B&B Italia SpA is an Italian modern furniture company whose products are sold worldwide. The company was founded in 1966 by the Busnelli family, who manages the company. On March 1, 2011, the Busnelli family became majority shareholders of the company once again and now own 100% of the shares.

The United States subsidiary, B&B Italia USA Inc., is located in Manhattan, New York in the Architects and Designers Building above their American flagship store in midtown.

B&B Italia has won four Compasso d'oro (Golden Compasses), the most prestigious Italian Design award.  In 1979 Le Bambole Mario Bellini, 1984 Sisamo Studio Kairos, 1987 Sity Antonio Citterio, and in 1989 B&B Italia became the first company to be recognized with a Compasso d'oro directly awarded to a design manufacturing company.  Since 1966 there have been over 1,000 B&B Italia designs (including prototypes).

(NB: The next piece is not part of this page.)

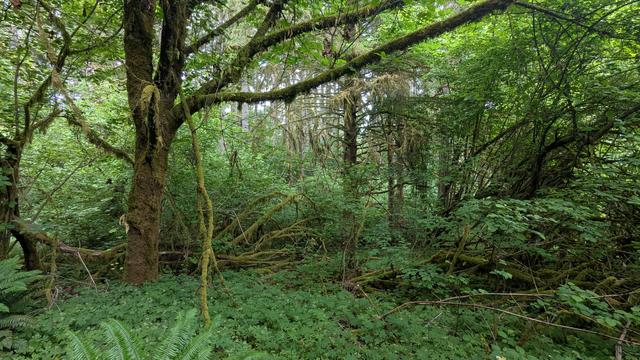 Lush green forest with moss on all the trees.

Over 3% of B&B Italia's annual sales is reinvested in research and development. In 2010, a foaming department for upholstery was established with an investment of 4 million euros.

From the entry of The Carlyle Group into Investindustrial's design plan, Design Holding was born in September 2018 with the aim of creating the Italian hub of high-end interior design and then becoming it internationally. The brands already controlled by Investindustrial are part of the new company, led by Gabriele Del Torchio: Flos, B&B Italia and the Danish Louis Poulsen.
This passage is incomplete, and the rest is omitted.